Christian Peucer schrieb 1690 die erste Dissertation über das Zeitungswesen. Darin stellte er Richtlinien auf, die sich nicht nur auf den Inhalt sondern erstmals auch auf die Form und die Präsentation der Nachrichten bezogen: „Die Lexis der Wortwahl oder der Stil der Neuen Zeitungen darf weder der eines Redners noch der eines Dichters sein, weil jener den neugierigen Leser hinhält, dieser ihn stört und auch die Sache nicht recht klar darstellt. […] Diese Absicht aber erreicht er, wenn er sich teils einer reinen, teils einer kurzen und klaren Sprache bedient“ (ebd.: 37).
Dass eine Zeitung nicht nur der Information sondern auch der Unterhaltung dienen soll, forderte erstmals 1695 Kaspar Stieler in seiner Schrift „Zeitungs Lust und Nutz“. Gleichzeitig verlangte aber auch er die Einhaltung von Richtlinien wie etwa Wahrhaftigkeit, Relevanz und Aktualität („Je neuer und unverhoffter die Zeitungen / einlangen / je willkommener sie auch seyn / dahingegen alte verlegene Wahren verächtlich sind“) zur Sicherung eines qualitativ hochwertigen Journalismus. (ebd.: 37 f.)
Im 18. Jahrhundert betrachtete man die Zeitung an sich dann etwas unkritischer und sah in ihr vielmehr ein Mittel der Aufklärung als eine Gefahr für die Gesellschaft. Mit diesem neuen Anspruch an das Medium änderte sich gleichzeitig aber auch der qualitative Anspruch, der an die Zeitung gestellt wurde. (Vgl. Wilke 2003: 39) So war Paul Jacob Marperger 1726 mit seiner Forderung nach Zuverlässigkeit, Unparteilichkeit und „Reinigkeit des Styli“ zwar zuerst den Ideen seiner Vorreiter sehr nah. Auf der anderen Seite klagte er aber auch über den Geiz und die Nachlässigkeit der Journalisten bei der Recherche. Er warf ihnen vor, dass sie „zur Ausfüllung ihres ordinairen Zeitungs-Blats nur aus andern gedruckt-einlauffenden teutschen Avisen dasjenige auszeichnen, was ihr Drucker in die ihrige einsetzen soll“ (ebd.: 40).

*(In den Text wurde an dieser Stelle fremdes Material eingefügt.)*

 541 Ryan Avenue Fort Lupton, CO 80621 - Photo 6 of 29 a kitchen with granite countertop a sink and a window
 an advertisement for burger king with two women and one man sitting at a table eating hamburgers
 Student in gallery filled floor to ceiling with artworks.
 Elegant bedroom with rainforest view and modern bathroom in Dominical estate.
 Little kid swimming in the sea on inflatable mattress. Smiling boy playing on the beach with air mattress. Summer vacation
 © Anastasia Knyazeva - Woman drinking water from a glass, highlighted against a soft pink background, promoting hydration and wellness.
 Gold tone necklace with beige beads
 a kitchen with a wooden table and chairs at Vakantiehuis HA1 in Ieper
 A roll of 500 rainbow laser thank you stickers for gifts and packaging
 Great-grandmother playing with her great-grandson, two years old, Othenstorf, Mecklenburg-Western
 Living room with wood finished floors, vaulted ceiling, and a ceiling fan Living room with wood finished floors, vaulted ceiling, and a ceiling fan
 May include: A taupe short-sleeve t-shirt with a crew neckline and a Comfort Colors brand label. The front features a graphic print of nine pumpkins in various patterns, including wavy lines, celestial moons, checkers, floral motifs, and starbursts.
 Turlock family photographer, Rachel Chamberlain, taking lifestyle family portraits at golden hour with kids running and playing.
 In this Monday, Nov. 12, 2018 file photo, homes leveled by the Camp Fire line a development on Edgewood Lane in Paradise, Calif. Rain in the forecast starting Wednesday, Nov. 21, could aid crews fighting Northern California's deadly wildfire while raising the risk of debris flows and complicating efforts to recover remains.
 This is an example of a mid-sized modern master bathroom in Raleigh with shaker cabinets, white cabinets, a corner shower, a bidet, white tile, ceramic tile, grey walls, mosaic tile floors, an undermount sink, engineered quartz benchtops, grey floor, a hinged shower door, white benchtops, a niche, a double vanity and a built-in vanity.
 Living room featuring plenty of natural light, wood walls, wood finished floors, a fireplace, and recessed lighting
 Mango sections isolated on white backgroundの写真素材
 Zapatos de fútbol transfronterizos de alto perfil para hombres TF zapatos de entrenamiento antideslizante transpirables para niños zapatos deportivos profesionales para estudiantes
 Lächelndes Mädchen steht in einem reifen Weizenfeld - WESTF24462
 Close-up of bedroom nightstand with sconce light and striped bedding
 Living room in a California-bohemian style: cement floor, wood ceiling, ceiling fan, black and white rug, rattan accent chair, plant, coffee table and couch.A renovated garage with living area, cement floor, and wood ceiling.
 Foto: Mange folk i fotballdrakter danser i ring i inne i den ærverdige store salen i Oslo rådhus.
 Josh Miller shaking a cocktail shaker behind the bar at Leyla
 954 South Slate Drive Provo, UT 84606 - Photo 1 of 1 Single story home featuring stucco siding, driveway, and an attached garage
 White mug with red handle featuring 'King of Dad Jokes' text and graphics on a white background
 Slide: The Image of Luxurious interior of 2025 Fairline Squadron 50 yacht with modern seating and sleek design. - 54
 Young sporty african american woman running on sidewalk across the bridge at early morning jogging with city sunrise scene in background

Ebenfalls laut wurden in dieser Zeit Forderungen nach einer sachlichen Gliederung des Zeitungsinhalts. So äußerte Ende des 18. Jahrhunderts der Zeitungstheoretiker Joachim von Schwarzkopf neben dem Wunsch nach Quellenehrlichkeit, Wahrheit und Neuheit auch den Wunsch nach einem „typographischen Haushalts-System“, „nach welchem der innere Gehalt einer Nachricht mit dem Raum, den man ihr verleihet, in einem gewissen Verhältnisse stehen muss“. (ebd.: 41)
Zur gleichen Zeit meldeten sich auch besonders radikale Zeitgenossen zu Wort, welche die Rolle der Zeitung als objektive Berichterstatterin beklagten. So forderte Christian Friedrich Daniel Schubart 1774, dass den Lesern nicht bloß „elende Schmierereien“ sonder vielmehr „wahre politische Gemälde“ geboten werden sollten, die durchaus nicht urteilsfrei sein müssten (ebd.: 41 f.).
Ähnlicher Meinung war der Journalist Joseph Görres 1814: Die Zeitungen hätten begriffen, „dass es in jetziger Zeit mit dem bloßen Zusammenscharren von Neuigkeiten ohne Zweck, Kritik und Zusammenhang keineswegs gethan ist. […] Allgemein ist es als knechtischer Grundsatz verworfen, dass sie blos Thatsachen erzählen, und jedes Urtheils sich enthalten sollen“ (ebd.: 43).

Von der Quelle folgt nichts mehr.